The problem: Your task is to transcribe the data exactly while omitting each picture.

(Short descriptive text snippets)
****
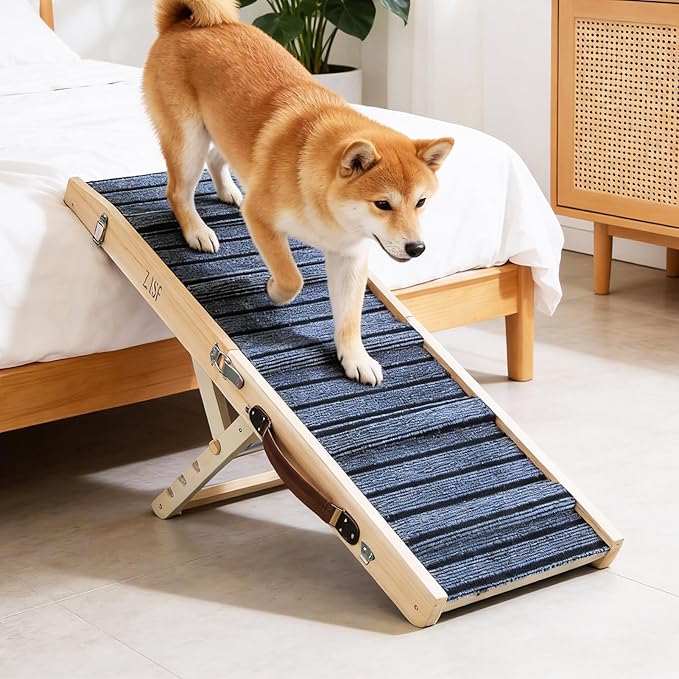 ZJSF Foldable Wooden Dog Ramp for High Bed, Dog Stairs for Small Dogs, High Traction Platform with 4 Adjustable Heights (14"-19.7"), 33", Supports up to 70 lbs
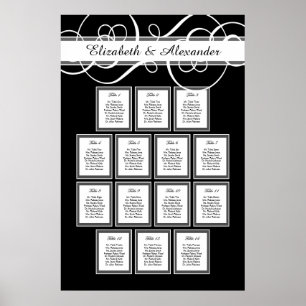 Classic Wedding Dinner 14 Table Seating Chart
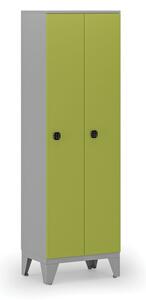 Drevená šatníková skrinka, 2 oddiely, kódový zámok, sivá/zelená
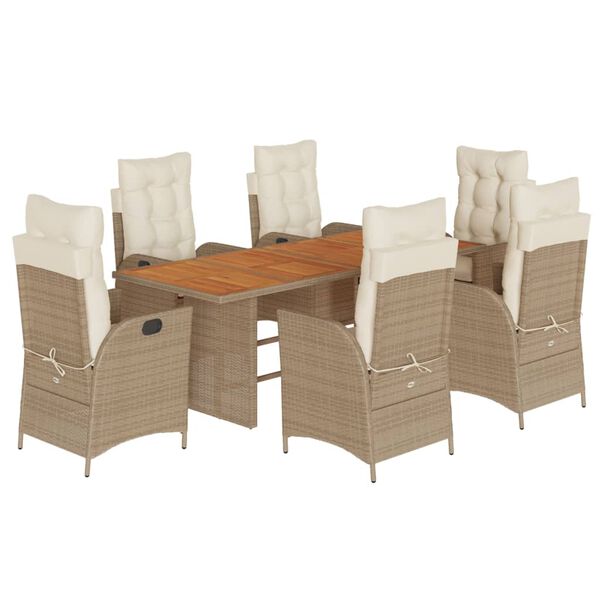 vidaXL Set da Pranzo da Giardino 7 pz con Cuscini Beige in Polyrattan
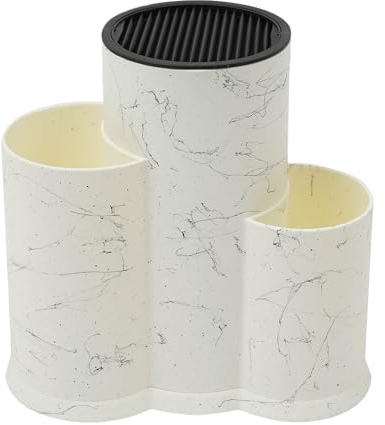 Bloc à couteaux sans couteaux, 23 x 12,5 x 22,5 cm, bloc à couteaux non équipés, porte-couteaux multifonctionnel, pour 4 à 5 couteaux, cuillères et spatules Blanc Robuste et durable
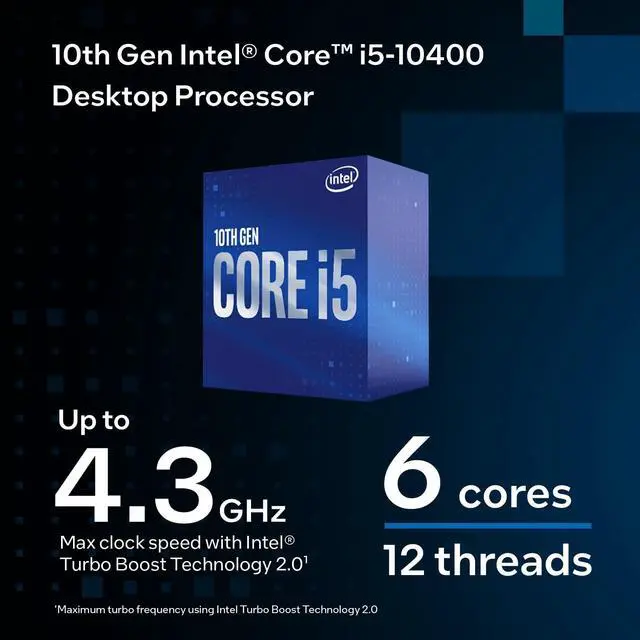 Alt view image 4 of 5 - Intel Core i5-10400 Desktop Processor 6 Cores up to 4.3 GHz LGA1200 (Intel 400 Series Chipset) 65W, Model Number: BX8070110400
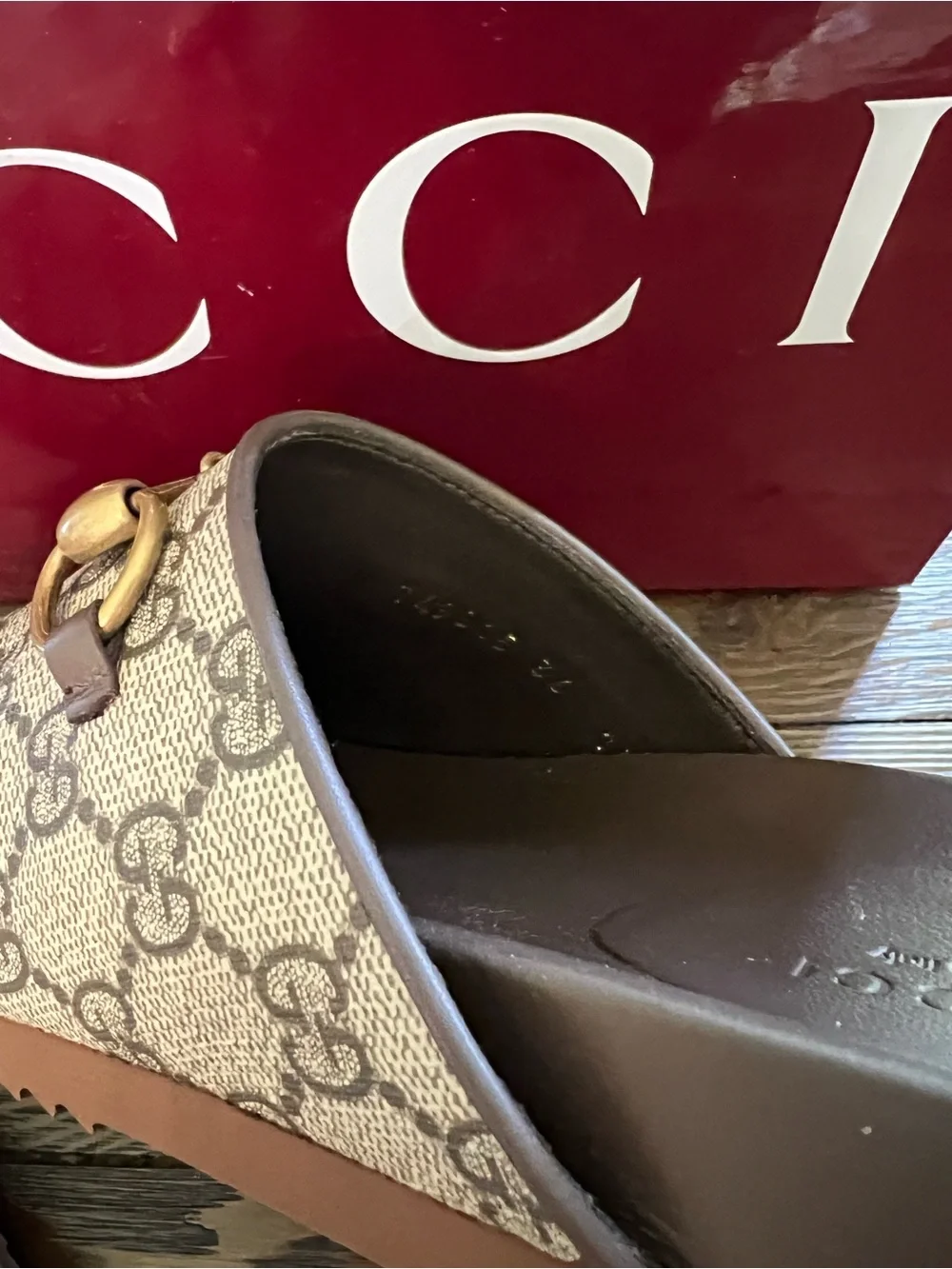 Like New Gucci Horsebit Princetown Mule Slides GG Supreme Canvas Size 36🤎 - Picture 5 of 6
****
Task solution:
 ZJSF Foldable Wooden Dog Ramp for High Bed, Dog Stairs for Small Dogs, High Traction Platform with 4 Adjustable Heights (14"-19.7"), 33", Supports up to 70 lbs
 Classic Wedding Dinner 14 Table Seating Chart
 Drevená šatníková skrinka, 2 oddiely, kódový zámok, sivá/zelená
 vidaXL Set da Pranzo da Giardino 7 pz con Cuscini Beige in Polyrattan
 Bloc à couteaux sans couteaux, 23 x 12,5 x 22,5 cm, bloc à couteaux non équipés, porte-couteaux multifonctionnel, pour 4 à 5 couteaux, cuillères et spatules Blanc Robuste et durable
 Alt view image 4 of 5 - Intel Core i5-10400 Desktop Processor 6 Cores up to 4.3 GHz LGA1200 (Intel 400 Series Chipset) 65W, Model Number: BX8070110400
 Like New Gucci Horsebit Princetown Mule Slides GG Supreme Canvas Size 36🤎 - Picture 5 of 6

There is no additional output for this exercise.